Molecular dysfunctions in acute rejection after renal transplantation revealed by integrated analysis of transcription factor, microRNA and long noncoding RNA

• Reveal the relationship between TFs and acute renal rejection to the public
• Integrative analysis provides an expansive view of molecular signaling pathways in AR.
• The first comprehensive view of TF pathway in AR after renal transplantation.

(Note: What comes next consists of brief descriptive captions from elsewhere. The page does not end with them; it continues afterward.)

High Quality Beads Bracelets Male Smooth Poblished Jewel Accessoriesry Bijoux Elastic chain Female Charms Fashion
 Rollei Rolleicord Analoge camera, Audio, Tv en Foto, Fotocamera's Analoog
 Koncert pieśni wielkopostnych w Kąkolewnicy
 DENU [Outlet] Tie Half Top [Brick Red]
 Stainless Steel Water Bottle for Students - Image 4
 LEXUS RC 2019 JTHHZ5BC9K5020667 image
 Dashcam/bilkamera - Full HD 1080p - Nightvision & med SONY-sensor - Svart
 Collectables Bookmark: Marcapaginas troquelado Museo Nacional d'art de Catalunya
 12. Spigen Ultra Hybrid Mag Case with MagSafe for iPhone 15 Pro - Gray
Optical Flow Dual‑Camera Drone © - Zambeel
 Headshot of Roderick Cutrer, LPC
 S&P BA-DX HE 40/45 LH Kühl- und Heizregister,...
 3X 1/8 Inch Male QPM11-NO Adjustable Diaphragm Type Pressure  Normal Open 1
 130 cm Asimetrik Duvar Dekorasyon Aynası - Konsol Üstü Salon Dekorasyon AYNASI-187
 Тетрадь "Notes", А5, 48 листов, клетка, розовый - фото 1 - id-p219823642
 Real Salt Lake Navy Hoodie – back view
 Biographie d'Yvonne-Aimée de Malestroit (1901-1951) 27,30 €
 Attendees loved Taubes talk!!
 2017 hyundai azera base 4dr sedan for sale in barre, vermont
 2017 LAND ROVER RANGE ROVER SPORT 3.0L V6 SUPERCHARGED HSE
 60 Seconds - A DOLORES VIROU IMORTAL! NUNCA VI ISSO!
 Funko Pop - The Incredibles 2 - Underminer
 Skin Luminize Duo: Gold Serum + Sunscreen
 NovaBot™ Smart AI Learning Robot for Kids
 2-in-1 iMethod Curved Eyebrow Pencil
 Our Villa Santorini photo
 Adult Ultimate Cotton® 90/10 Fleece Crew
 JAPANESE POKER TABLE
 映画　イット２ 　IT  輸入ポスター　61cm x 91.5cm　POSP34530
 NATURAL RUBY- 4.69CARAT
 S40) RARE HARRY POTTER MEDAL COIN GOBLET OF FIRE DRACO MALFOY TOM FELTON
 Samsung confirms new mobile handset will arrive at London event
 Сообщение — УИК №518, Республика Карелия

• Provide novel methods to prevent and treat acute renal rejection
• Provide a novel researching method for rejection of other solid organ transplantation

Acute rejection remains a problem in renal transplantation. To further illustrate the mechanism of rejection, we integrated protein array-based proteomics and RNA microarray-based genomics to investigate the transcription factor, microRNA and long noncoding RNA of biopsies of three patients with acute rejections and a control group. 99 transcription factors were identified in acute rejection biopsies compared to normal renal tissue. We correlated transcription factor data with microRNA and long noncoding RNA data sets and reported the expression of 5 transcription factors (AP-1, AP-4, STATx, c-Myc and p53), 12 miRNAs and 32 lncRNAs in acute rejection biopsies. Pathway analysis demonstrated that over-presentation of transcription factor pathway plays a critical role in acute rejection. This is the first study to comprehensively report the acute rejection transcription factor pathway. Integrative analysis of the transcription factor, microRNA and long noncoding RNA provided an expansive view of molecular signaling pathways in acute rejection after renal transplantation.